Prima Lettura  Es 20, 1-17

Dal libro dell'Esodo

 

[ In quei giorni, Dio pronunciò tutte queste parole: «Io sono il Signore, tuo Dio, che ti ho fatto uscire dalla terra d’Egitto, dalla condizione servile:

Non avrai altri dèi di fronte a me. ]

Non ti farai idolo né immagine alcuna di quanto è lassù nel cielo, né di quanto è quaggiù sulla terra, né di quanto è nelle acque sotto la terra. Non ti prostrerai davanti a loro e non li servirai. Perché io, il Signore, tuo Dio, sono un Dio geloso, che punisce la colpa dei padri nei figli fino alla terza e alla quarta generazione, per coloro che mi odiano, ma che dimostra la sua bontà fino a mille generazioni, per quelli che mi amano e osservano i miei comandamenti.

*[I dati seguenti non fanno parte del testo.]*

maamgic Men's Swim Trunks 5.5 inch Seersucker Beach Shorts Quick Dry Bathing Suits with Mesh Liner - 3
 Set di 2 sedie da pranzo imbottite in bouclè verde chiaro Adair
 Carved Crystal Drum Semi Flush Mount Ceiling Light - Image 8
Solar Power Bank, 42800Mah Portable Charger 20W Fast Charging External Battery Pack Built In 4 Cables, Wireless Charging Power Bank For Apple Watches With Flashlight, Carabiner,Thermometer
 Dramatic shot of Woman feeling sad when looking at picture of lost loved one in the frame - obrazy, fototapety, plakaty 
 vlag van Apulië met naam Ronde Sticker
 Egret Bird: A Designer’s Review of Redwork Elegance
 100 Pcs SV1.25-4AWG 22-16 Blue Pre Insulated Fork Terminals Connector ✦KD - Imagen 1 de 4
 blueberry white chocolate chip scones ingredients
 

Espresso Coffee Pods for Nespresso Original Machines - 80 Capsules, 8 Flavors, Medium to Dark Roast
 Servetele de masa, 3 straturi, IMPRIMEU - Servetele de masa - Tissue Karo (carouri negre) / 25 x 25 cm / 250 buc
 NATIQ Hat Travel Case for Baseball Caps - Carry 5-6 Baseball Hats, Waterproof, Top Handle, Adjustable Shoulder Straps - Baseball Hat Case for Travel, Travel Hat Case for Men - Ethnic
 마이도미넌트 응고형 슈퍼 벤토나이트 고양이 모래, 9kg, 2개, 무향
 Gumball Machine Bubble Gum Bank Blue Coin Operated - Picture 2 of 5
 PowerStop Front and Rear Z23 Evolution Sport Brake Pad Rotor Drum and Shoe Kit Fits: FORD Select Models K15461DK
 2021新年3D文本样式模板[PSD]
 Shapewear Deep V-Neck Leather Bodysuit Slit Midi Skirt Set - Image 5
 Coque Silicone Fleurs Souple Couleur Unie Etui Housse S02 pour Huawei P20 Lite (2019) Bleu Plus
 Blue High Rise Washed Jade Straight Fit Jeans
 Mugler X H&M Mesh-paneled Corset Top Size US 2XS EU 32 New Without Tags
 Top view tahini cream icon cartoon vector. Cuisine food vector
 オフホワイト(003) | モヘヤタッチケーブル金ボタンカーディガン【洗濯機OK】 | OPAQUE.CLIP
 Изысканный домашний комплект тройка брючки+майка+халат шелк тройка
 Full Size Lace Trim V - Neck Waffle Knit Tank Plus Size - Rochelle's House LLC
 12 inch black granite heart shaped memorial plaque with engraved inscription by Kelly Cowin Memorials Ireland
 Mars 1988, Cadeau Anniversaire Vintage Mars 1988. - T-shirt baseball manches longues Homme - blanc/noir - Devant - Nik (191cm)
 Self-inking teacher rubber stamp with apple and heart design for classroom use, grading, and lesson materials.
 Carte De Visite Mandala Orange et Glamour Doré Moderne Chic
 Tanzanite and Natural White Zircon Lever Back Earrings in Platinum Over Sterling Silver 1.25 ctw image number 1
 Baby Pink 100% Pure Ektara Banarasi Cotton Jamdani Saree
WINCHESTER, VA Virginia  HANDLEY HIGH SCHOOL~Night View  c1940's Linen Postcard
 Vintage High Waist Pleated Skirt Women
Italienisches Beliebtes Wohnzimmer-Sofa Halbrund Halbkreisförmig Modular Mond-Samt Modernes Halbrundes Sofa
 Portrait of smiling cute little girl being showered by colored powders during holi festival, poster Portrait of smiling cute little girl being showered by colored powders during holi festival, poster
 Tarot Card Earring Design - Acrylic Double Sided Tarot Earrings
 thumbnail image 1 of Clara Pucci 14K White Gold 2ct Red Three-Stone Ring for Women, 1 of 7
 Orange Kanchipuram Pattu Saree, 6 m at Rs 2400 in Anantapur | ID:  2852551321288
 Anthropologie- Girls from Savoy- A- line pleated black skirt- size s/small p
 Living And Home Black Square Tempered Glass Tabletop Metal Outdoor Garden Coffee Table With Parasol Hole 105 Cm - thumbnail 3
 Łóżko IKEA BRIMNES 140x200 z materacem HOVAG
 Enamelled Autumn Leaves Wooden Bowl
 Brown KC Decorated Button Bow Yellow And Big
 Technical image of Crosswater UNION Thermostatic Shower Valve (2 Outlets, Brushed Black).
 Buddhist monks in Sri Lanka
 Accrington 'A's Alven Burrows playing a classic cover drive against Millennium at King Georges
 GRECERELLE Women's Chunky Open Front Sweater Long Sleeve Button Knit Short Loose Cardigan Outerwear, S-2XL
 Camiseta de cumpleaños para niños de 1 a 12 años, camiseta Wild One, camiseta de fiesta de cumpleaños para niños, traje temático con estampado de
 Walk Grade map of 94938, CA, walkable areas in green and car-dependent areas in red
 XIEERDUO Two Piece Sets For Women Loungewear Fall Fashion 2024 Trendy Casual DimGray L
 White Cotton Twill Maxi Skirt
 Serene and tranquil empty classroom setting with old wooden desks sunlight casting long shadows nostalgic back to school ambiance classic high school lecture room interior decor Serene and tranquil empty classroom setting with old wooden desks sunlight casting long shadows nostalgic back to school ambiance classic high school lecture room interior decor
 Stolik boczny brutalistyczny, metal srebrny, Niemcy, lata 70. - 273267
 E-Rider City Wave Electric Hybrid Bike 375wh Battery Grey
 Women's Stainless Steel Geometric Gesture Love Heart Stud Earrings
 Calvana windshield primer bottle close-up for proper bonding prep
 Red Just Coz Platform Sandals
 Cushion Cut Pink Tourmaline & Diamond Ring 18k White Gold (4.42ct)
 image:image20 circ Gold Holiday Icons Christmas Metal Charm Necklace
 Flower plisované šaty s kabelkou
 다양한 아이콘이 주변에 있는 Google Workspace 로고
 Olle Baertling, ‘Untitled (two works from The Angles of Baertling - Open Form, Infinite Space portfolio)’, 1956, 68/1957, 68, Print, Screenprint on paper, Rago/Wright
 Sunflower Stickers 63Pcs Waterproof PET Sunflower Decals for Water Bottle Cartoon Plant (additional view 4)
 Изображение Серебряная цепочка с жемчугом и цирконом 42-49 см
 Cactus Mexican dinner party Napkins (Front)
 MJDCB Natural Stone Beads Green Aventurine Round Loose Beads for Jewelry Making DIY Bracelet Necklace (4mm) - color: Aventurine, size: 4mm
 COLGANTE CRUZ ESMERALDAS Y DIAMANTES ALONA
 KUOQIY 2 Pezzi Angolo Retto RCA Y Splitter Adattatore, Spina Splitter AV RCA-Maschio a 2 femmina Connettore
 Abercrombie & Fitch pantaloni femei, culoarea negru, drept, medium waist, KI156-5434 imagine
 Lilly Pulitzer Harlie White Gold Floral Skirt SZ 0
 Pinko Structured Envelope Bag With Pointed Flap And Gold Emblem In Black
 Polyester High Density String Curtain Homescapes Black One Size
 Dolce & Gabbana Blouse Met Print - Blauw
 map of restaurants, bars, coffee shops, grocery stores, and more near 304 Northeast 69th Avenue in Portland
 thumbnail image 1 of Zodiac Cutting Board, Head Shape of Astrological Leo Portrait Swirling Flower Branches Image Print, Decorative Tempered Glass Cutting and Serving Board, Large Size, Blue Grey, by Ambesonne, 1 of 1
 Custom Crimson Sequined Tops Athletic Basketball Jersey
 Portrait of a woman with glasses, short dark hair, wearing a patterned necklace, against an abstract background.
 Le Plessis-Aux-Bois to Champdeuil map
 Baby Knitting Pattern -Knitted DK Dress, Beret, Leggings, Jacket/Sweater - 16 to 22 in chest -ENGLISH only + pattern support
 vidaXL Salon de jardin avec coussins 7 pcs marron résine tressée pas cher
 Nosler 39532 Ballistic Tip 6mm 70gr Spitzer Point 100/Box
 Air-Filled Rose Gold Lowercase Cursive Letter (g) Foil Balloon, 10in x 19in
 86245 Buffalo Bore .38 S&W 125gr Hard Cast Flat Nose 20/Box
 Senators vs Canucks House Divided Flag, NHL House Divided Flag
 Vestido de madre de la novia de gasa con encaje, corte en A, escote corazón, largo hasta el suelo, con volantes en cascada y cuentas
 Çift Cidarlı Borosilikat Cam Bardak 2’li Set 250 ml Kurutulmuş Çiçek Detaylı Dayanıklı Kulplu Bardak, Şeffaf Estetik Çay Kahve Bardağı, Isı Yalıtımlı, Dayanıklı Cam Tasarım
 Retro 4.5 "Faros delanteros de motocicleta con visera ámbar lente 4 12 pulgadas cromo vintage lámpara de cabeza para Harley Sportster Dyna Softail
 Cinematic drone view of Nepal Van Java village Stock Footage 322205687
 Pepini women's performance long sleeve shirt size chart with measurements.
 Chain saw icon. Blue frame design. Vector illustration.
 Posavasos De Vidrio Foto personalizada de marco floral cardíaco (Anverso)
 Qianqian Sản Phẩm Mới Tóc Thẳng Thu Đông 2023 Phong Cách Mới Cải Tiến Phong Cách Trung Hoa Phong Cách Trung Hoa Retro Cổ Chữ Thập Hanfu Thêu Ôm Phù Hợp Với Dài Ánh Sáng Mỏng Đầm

[ Non pronuncerai invano il nome del Signore, tuo Dio, perché il Signore non lascia impunito chi pronuncia il suo nome invano.

Ricòrdati del giorno del sabato per santificarlo. ] Sei giorni lavorerai e farai ogni tuo lavoro; ma il settimo giorno è il sabato in onore del Signore, tuo Dio: non farai alcun lavoro, né tu né tuo figlio né tua figlia, né il tuo schiavo né la tua schiava, né il tuo bestiame, né il forestiero che dimora presso di te. Perché in sei giorni il Signore ha fatto il cielo e la terra e il mare e quanto è in essi, ma si è riposato il settimo giorno. Perciò il Signore ha benedetto il giorno del sabato e lo ha consacrato.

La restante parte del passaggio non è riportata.